At the conceptual heart of the installation is the video work Master of none, re-presented for this show at the end of an elongated metallic arm. It looks and sounds like a game you might play on your phone, in which one’s objective is to successfully repeat particular movements quickly against the clock, almost like a training exercise. McKenzie Wark in her Gamer Theory: video games provide an allegory for life today, which we engage as a ‘gamespace’, and whose ludic features feel predetermined (Sisyphaenely so) by the rigid physics that sustain a popular idea of progress (the accumulation of capital), and the well-worn narratives that communicate the value of this attitude towards metropolitan life today (the institution of marriage, the property market, career advancement etc.). ‘Ever feel like you’re playing a game’, she wrote in 2007. ‘Ever get the vague dread that while you have no choice but to play the game, you can’t win it, can’t know the score, or who keeps it? Ever suspect that you don’t even know who your real opponent might be?’1 These words will ring true particularly to cultural workers who see Steven’s show – even while university degrees today prioritise learning as it leads specifically to job outcomes instead of intellectual nourishment, in Australia, Creative Arts degrees rank the highest in unemployability rates at 57 percent. Lol. The title for Steven’s show quite evocatively brings to mind the phrase ‘it’s only up from here.’
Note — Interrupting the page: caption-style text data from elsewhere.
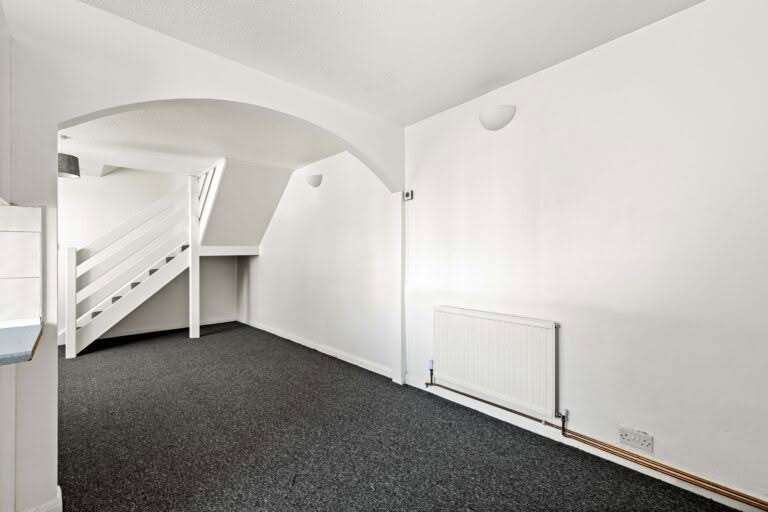 2 bedroom Terraced House in Folkestone, Kent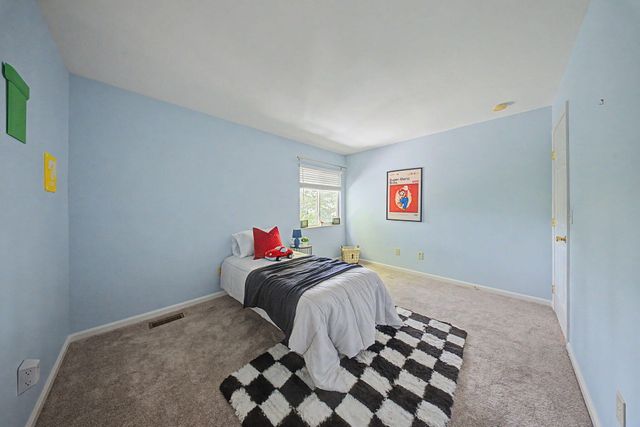 7001 Shadetree Court, Florence, KY 41042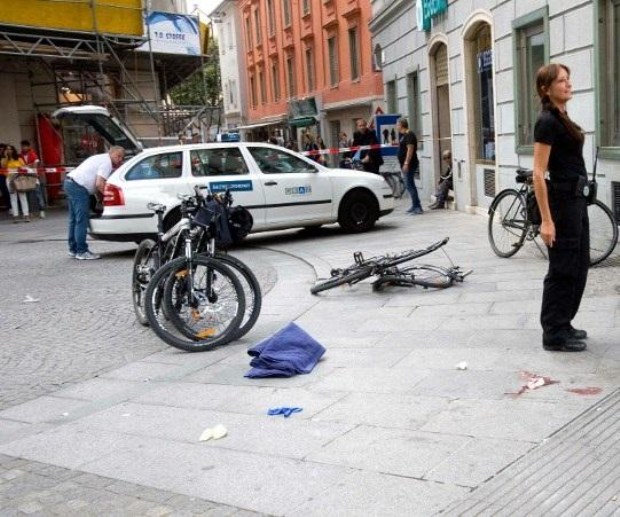 Hombre arremete con auto contra multitud y mata a 3 personas en Austria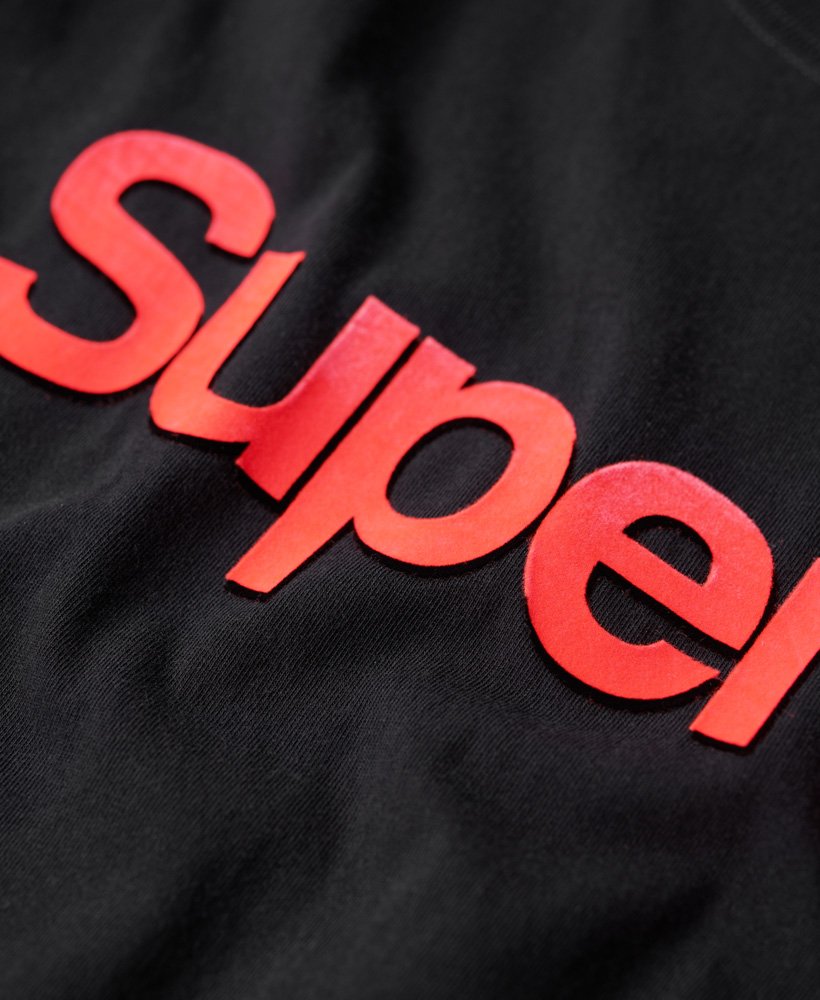 camiseta core neon logo na cor preta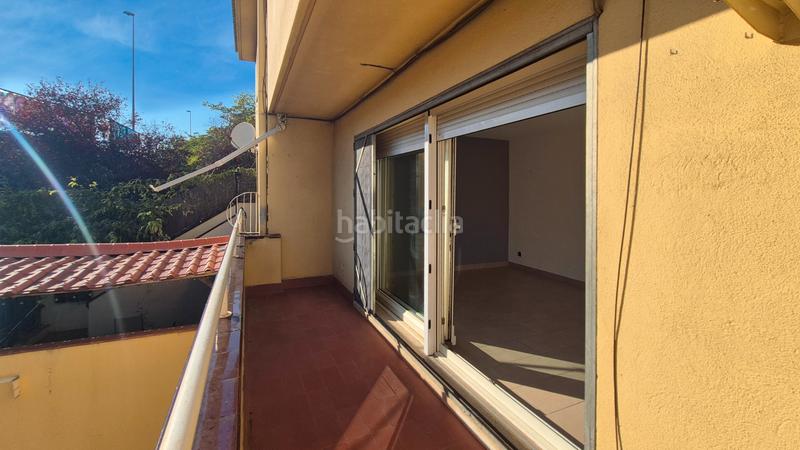 Foto 76e96682-ca4b-43d9-920d-24b926de8c77. Reihenhaus mit parking in Abrera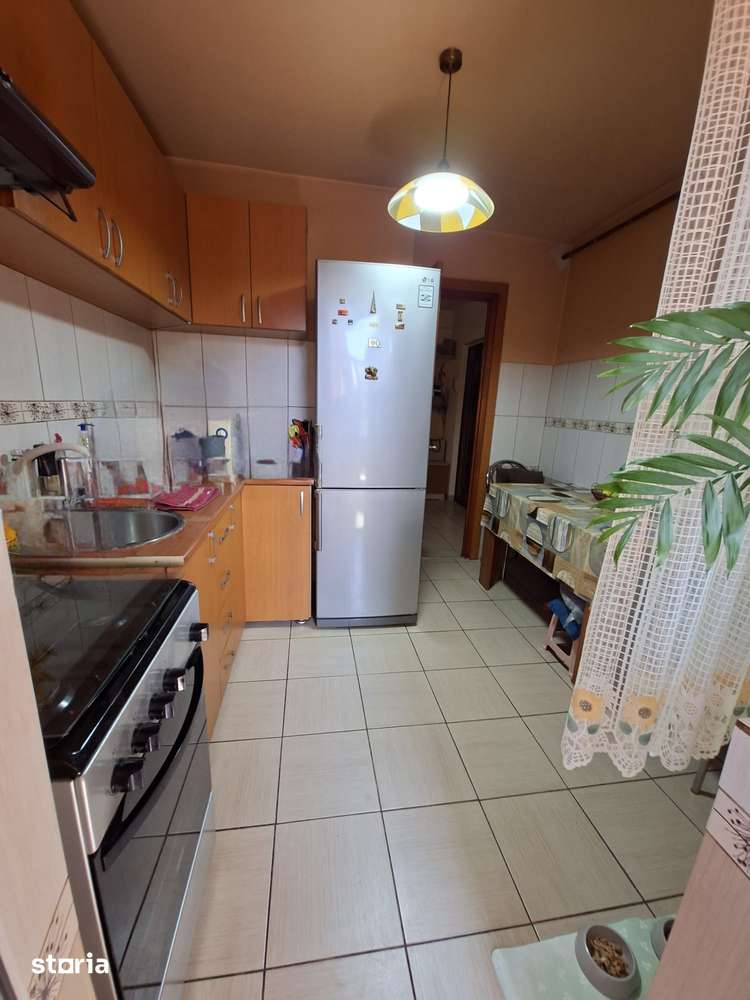 Apartament 3 camere decomandate, cu balcon ,zona Dacia ,centarala gaze — fotografia 1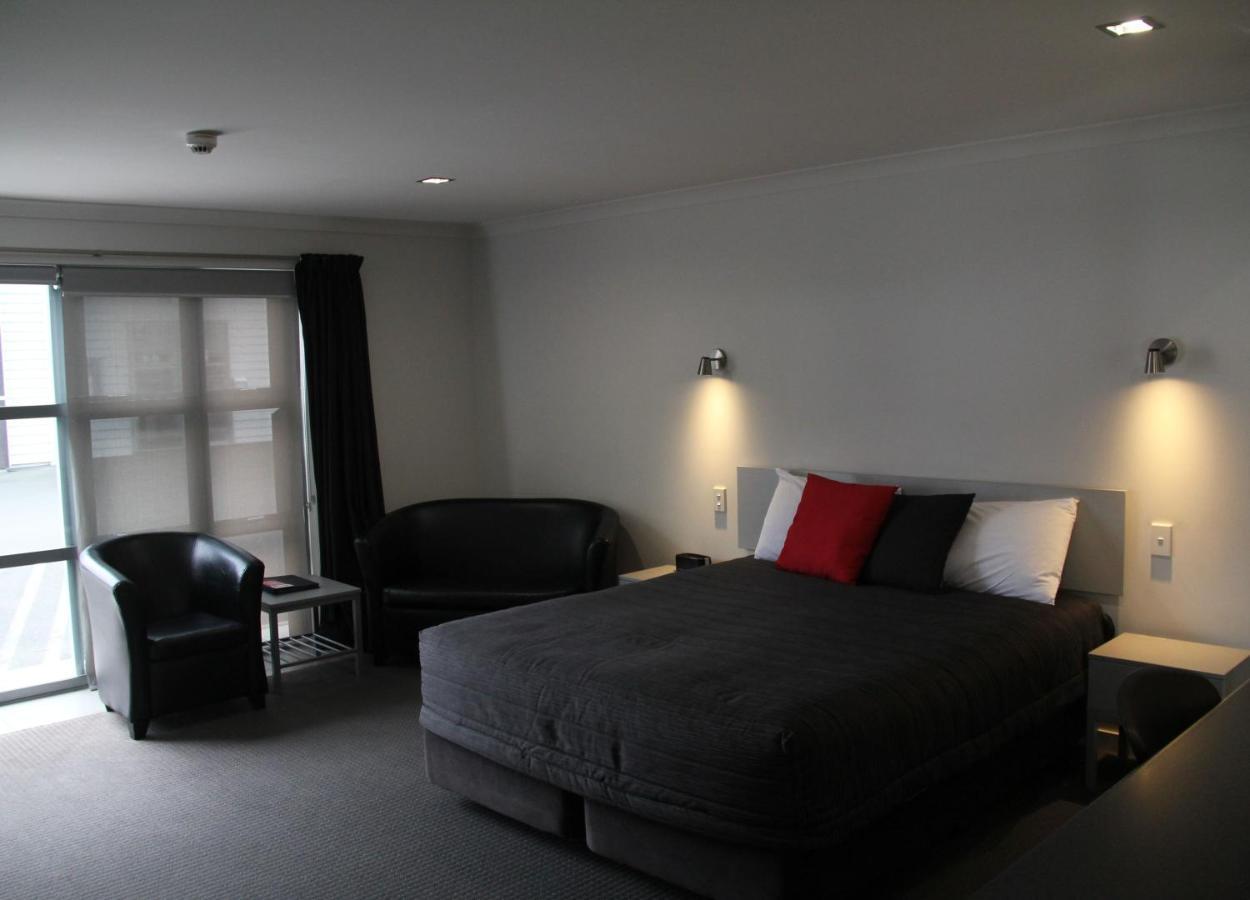 Pukekura Motor Lodge New Plymouth Luaran gambar A typical motel room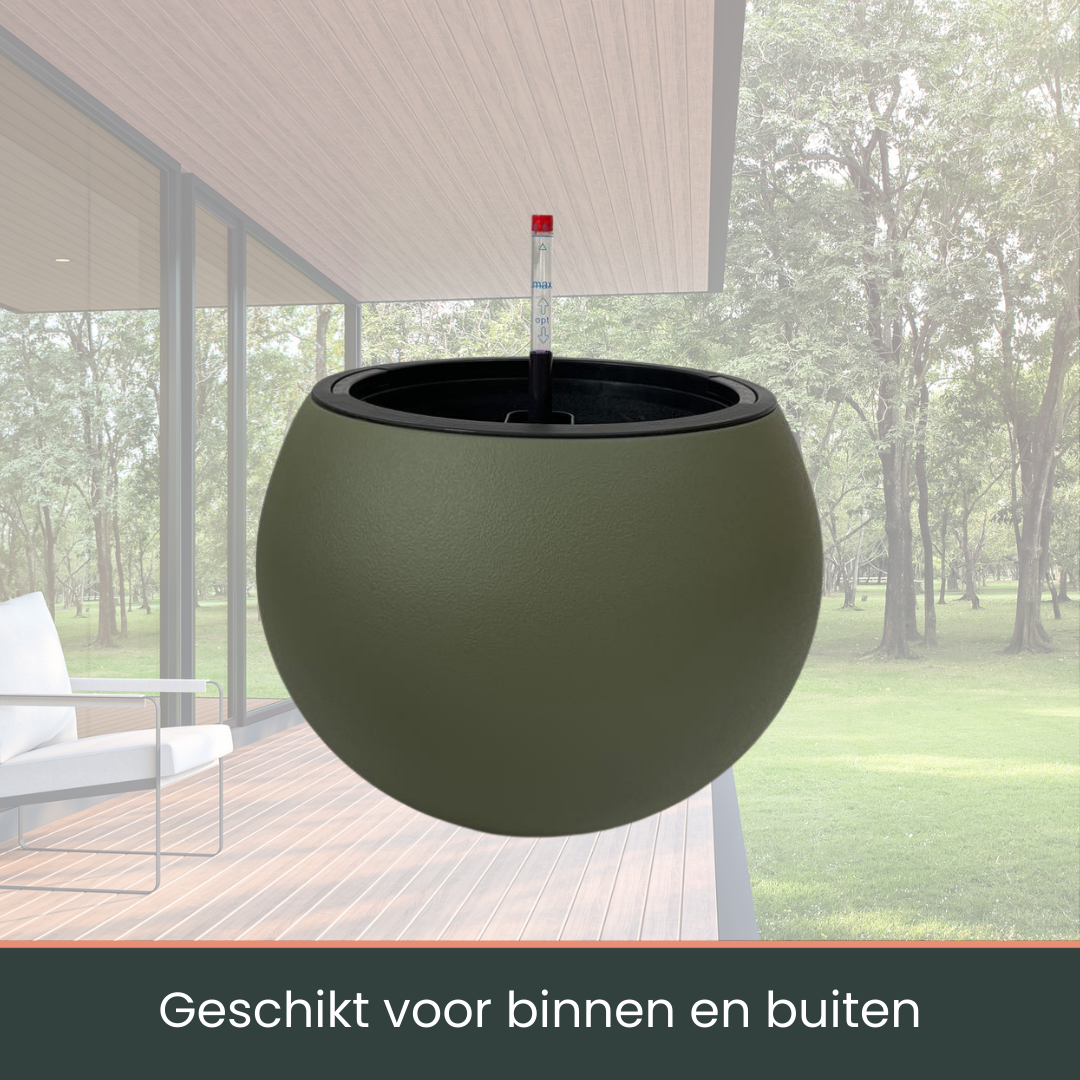Een moderne, olijfgroene koffiezetapparaat met zwart accent, voorzien van een stijlvolle, ronde vorm en een zichtbare stift in de opening. Ideaal voor koffiezetapparaten en kantooraccessoires.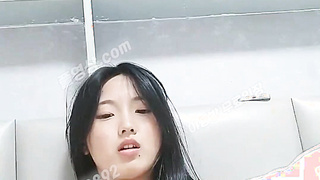 4081 로리삘나는 이쁘장한 슬랜더 중궈년 딜도자위 텔레 UB892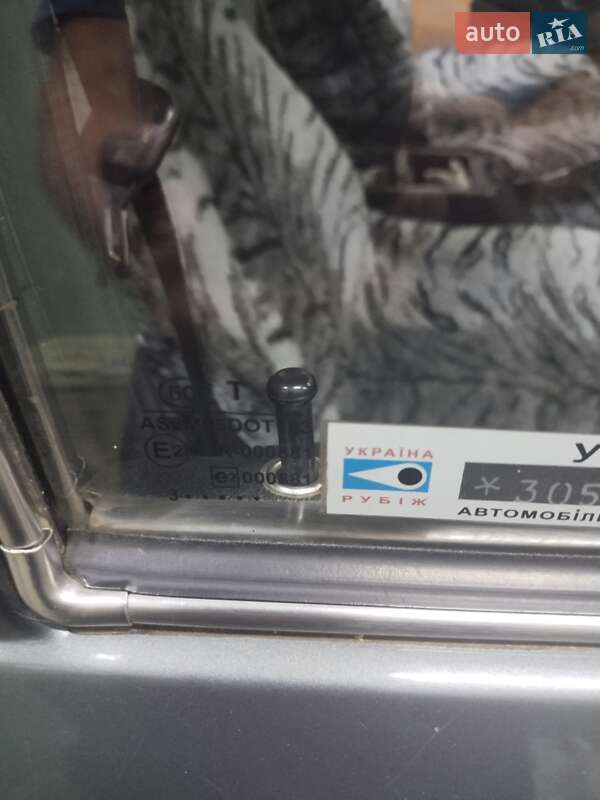 Седан ГАЗ 3110 Волга 2003 в Южному фото 13 Седан ГАЗ 3110 Волга 2003 в Южному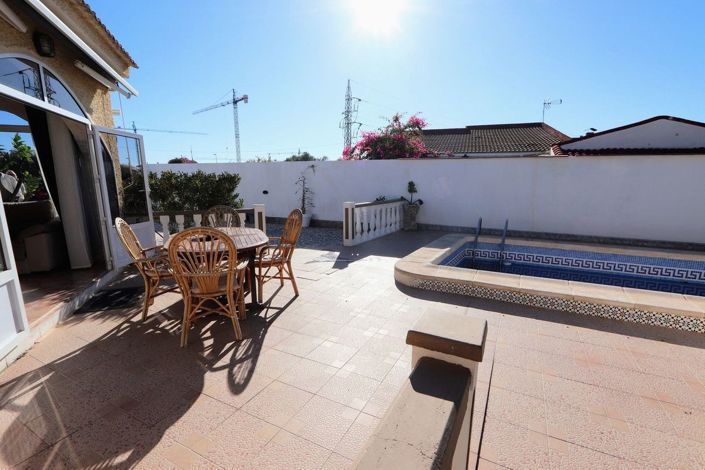 Image No.47-6 Bed Villa for sale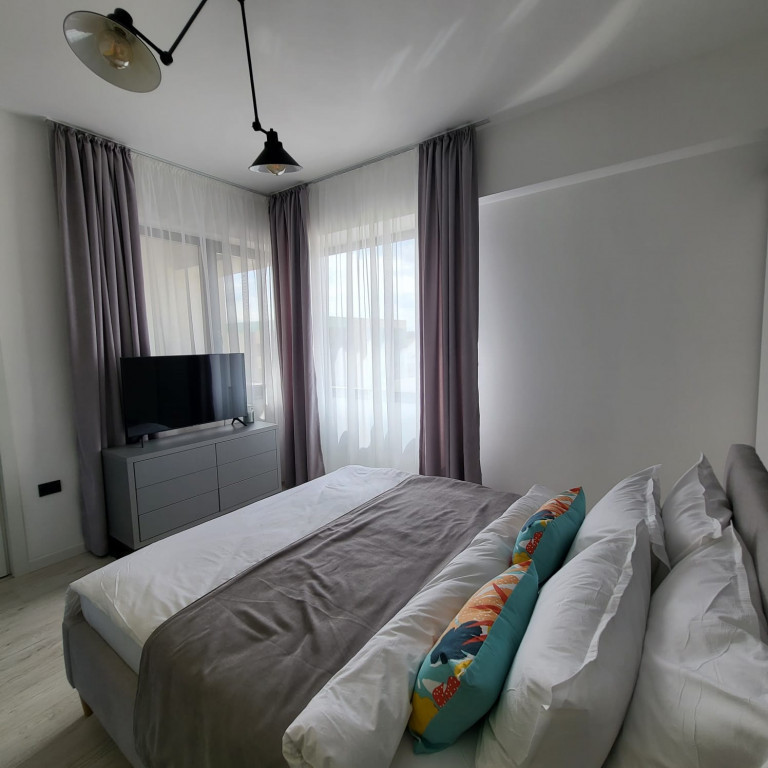 Apartament 2 camere de închiriat | Etaj 4 | Mobilat și uti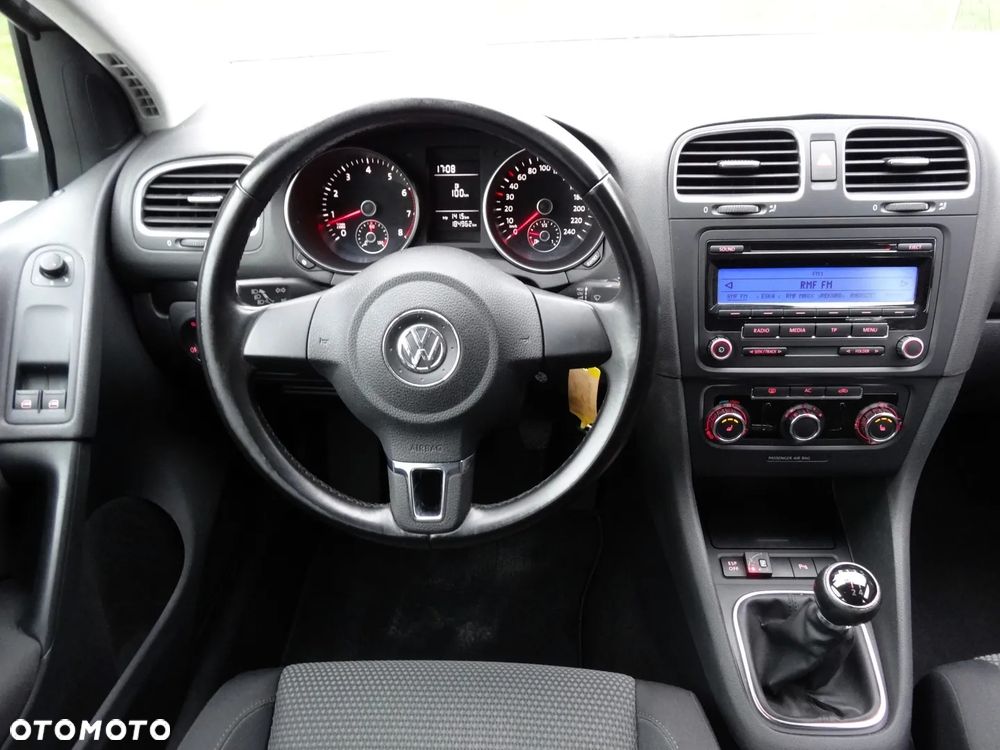 Volkswagen Golf 1.6 Comfortline - 19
Master of none is counterbalanced by a large rock, like the one Sisyphus pushes up the hill along his eternal grind. The balancing of these two forms implies their proportionality, creating a long, horizontal vector between the two that informs the way one reads the gallery space.2 Balance becomes an outcome of an equation between the two, and an important framework for understanding the thematic of the show: that the way our lives and their contents are organised under the current order isn’t necessarily good for our mind or body. The line between rock and video reveals many others in the space – the line of the floor, of brick trophies (Bronze still gets you on the podium) and the carefully measured spaces between them, invisible vectors that nonetheless inform an appearance and real experience of the room. What might seem ludic has in fact been carefully conceived. At my most cynical and dramatic I might say that life is a pyramid scheme, structured in a way that might appear ‘natural’, but on careful inspection is so obviously the consequence of the decisions of people other than You, who have the power to decide. Very quickly, ‘balance’ feels rigid rather than harmonious. What might we do to tip the scales? In an art installation it would require one to flout aesthetic convention, even to the point where whoever has autonomy over the space might cancel the show. In both content and form, Steven’s What goes down, must come up gives an allegory and a framework for seeing our lives as they are informed by the vectors of superstructure.

 

Sebastian Henry-Jones, Steven Bellosguardo’s What goes down, must come up

 

1. McKenzie Wark, Gamer Theory, Harvard University Press, 2007. P.1.
2. I have been deliberate in my use of the word ‘vector’, which in geometry is a line of fixed length but no fixed position: Most prominently in her Hacker Manifesto, published in 2004, Wark writes often of vectors – a technology that moves something from somewhere to somewhere else, a line of economic activity between two points. Vectors have been important routes for the transportation of raw materials from colony to empire, or the lines of communication that sustain globalisation. They move material and information all over the world, and are usually owned privately by a member of what Wark calls the ‘Vectoralist class.’ Someone’s vector is always someone else’s horizon line.